Sie aß gerne Kartoffeln. Das konnte Blaue Feder gut verstehen,
liebte auch sie Kartoffelgerichte. Die ErdApfelSau suhlte sich
gerne im Matsch und sang gerne lauthals ihre Lieder. Die Beiden
würden sich wohl gut verstehen. Blaue Feder hatte den Eindruck,
die ErdApfelSau würde ihr noch viel erzählen, wovon sie keine
Ahnung hatte. Vielleicht würden sie zusammen den Löffel
schwingen. Viele Redewendungen kreisen um den Löffel…

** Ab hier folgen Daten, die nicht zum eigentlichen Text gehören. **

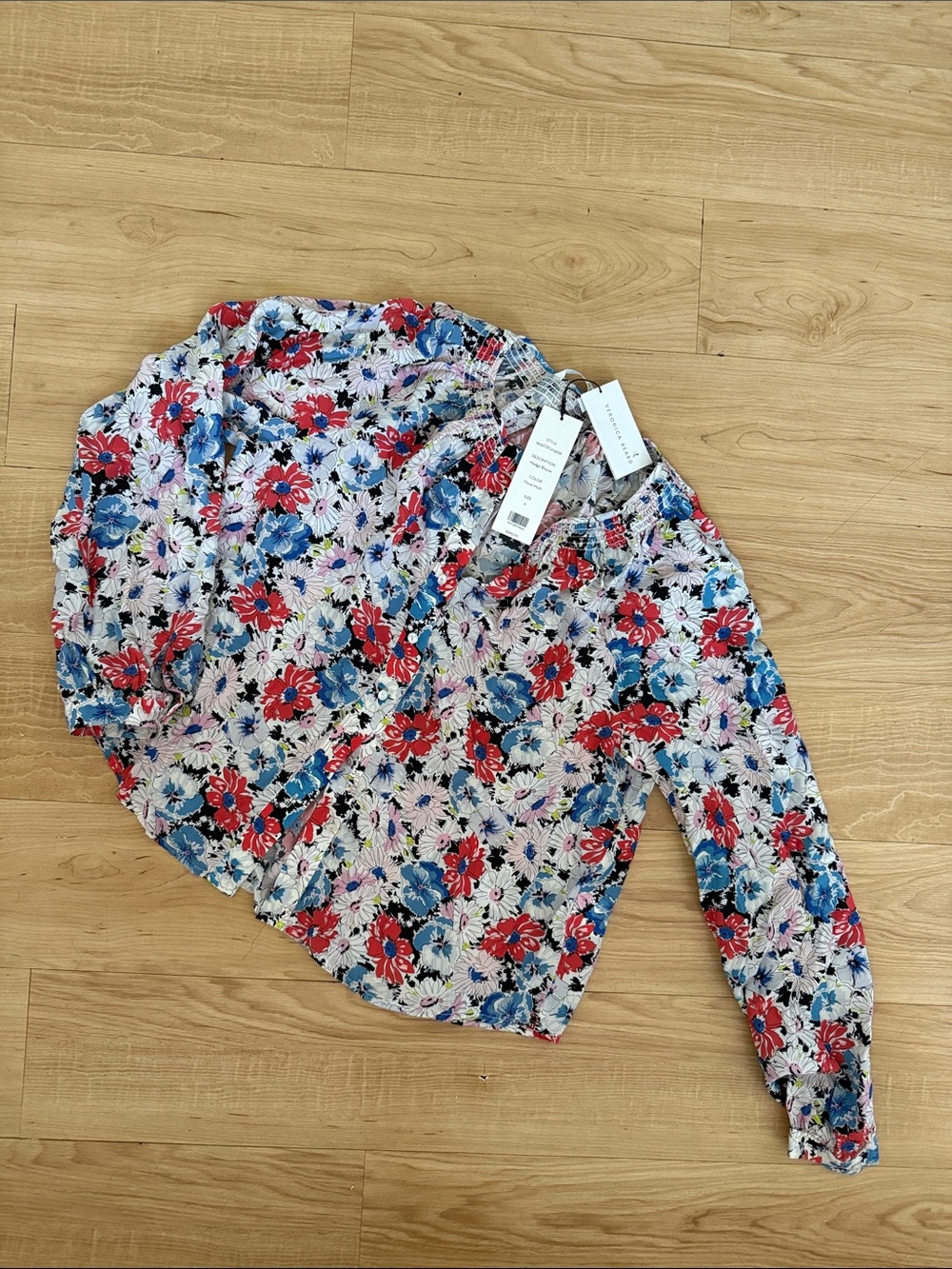 Veronica Beard Red, Blue & White Floral Button-Front Blouse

Lirum, larum Löffelstiel…, die Suppe auslöffeln…, einen großen
Schöpflöffel voll von etwas…, die Weisheit mit Löffeln
gefressen…, mit einem goldenen Löffel im Mund zur Welt
gekommen…, der Rotzlöffel…, die Löffel spitzen…, Steck
deinen Löffel nicht in andrer Leute Töpfe…. ich bin's so satt, als
hätt' ich's mit Löffeln gegessen… und am Ende wird der Löffel
abgeben. An diesem Tag, als die ErdApfelSau kam, gab es
Kartoffelpuffer mit Apfelmus zu Mittag.